Le socio-anthropologue marocain, Mohamed Mahdi, s’exprime sur ses conceptions du procédé à adopter en reconstruction des zones sinistrées après le séisme. L’occasion pour lui d’expliciter l’agropastoralisme qui caractérise la région touchée. Et ce n’est pas tout ! L’expert livre également ses regards sur la démarche à adopter en tourisme dans ces zones.

ALM : En votre qualité de socio-anthropologue, comment concevez-vous la reconstruction des zones sinistrées après le séisme ?
Mohamed Mahdi : Je préfère que «zones sinistrées» soient remplacées par leur nom historique et à forte charge émotionnelle, Adrar n’dern, la montagne de dern.
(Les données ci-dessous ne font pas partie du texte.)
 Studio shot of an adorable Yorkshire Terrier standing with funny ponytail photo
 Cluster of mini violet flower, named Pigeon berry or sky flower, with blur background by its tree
Car, c’est de la montagne du Haut-Atlas qu’il s’agit et qui est touchée en plein cœur. Et on ne peut que se réjouir que l’agence qui sera chargée du suivi de la reconstruction soit appelée Agence de développement du Haut-Atlas. Le séisme est un «fait total», dans le sens de l’école durkheimienne de sociologie, qui a ébranlé toutes les dimensions, sociale, économique, patrimoniale, des communautés de montagne. Aucune dimension n’a été épargnée.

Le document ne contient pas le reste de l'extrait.